Para ver o espírito universal da verdade de perto, uma pessoa deve ser capaz de amar até a mais perversa das criaturas como se fosse ela mesma. E um homem que aspira a isso não pode se ausentar de qualquer setor da vida. É por isso que minha devoção à verdade me levou ao campo da política. Posso dizer, sem qualquer hesitação e com toda a humildade possível, que aqueles que dizem que a religião não tem nada a ver com política não sabem o que a religião significa.
Atração e repulsão - A identificação com qualquer ser vivo é impossível sem a autopurificação. Deus não pode ser percebido por alguém que não é puro de coração. A autopurificação, portanto, deve significar a pureza em todos os aspectos da vida. E como a purificação é altamente contagiosa, quando alguém se purifica, purifica também o que está ao seu redor. O caminho para isso, porém, é duro e íngreme. Para conquistar a pureza perfeita, uma pessoa não pode ter paixão no pensamento, no discurso e nas ações; deve ficar acima das correntes de amor e ódio, atração e repulsão.
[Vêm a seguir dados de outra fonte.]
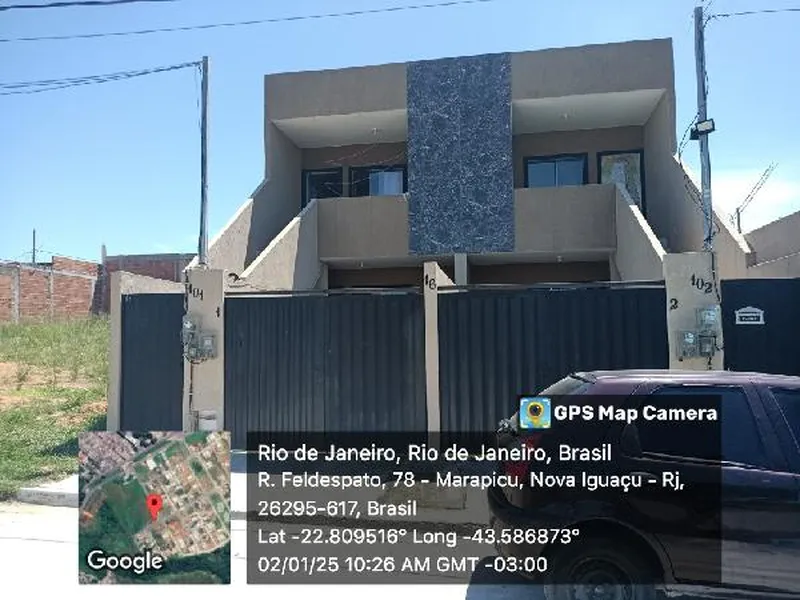 Casa em Venda Direta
Sei que ainda não tenho essa tripla pureza, apesar de lutar de forma constante e incessante nesse sentido. É por isso que todos os elogios do mundo não me comovem; na verdade, eles me provocam. Para mim, conquistar as paixões mais sutis é mais difícil do que a conquista física do mundo pela força das armas. Desde meu retorno à Índia, convivi com as paixões que se escondiam dentro de mim. Ter descoberto essas paixões me fez sentir humilhado, mas não derrotado. As experiências que me trouxeram até aqui me deram grande alegria. Mas sei que ainda tenho um caminho difícil a atravessar. Preciso reduzir-me a zero. Se um homem não se coloca por vontade própria como último entre todas as outras criaturas, não há salvação para ele.
Mohandras Karamchand Gandhi, de 60 anos, é advogado e ativista político. Entre 1893 e 1914, morou na África do Sul, onde participou de campanhas ligadas ao movimento de direitos civis naquele país. Na volta à Índia, tornou-se figura destacada nas manifestações em benefício dos pobres e das mulheres. Trabalha há mais de uma década para reduzir as tensões religiosas e étnicas na Índia e, principalmente, pela independência do território, controlado pela Grã-Bretanha. Gandhi, apelidado de "Mahatma" ("grande alma" em hindu), usa métodos que chamaram a atenção de todo o mundo. Ao invés de estimular o conflito violento com os britânicos, usa como armas a desobediência civil e a resistência pacífica para tentar alcançar seus objetivos.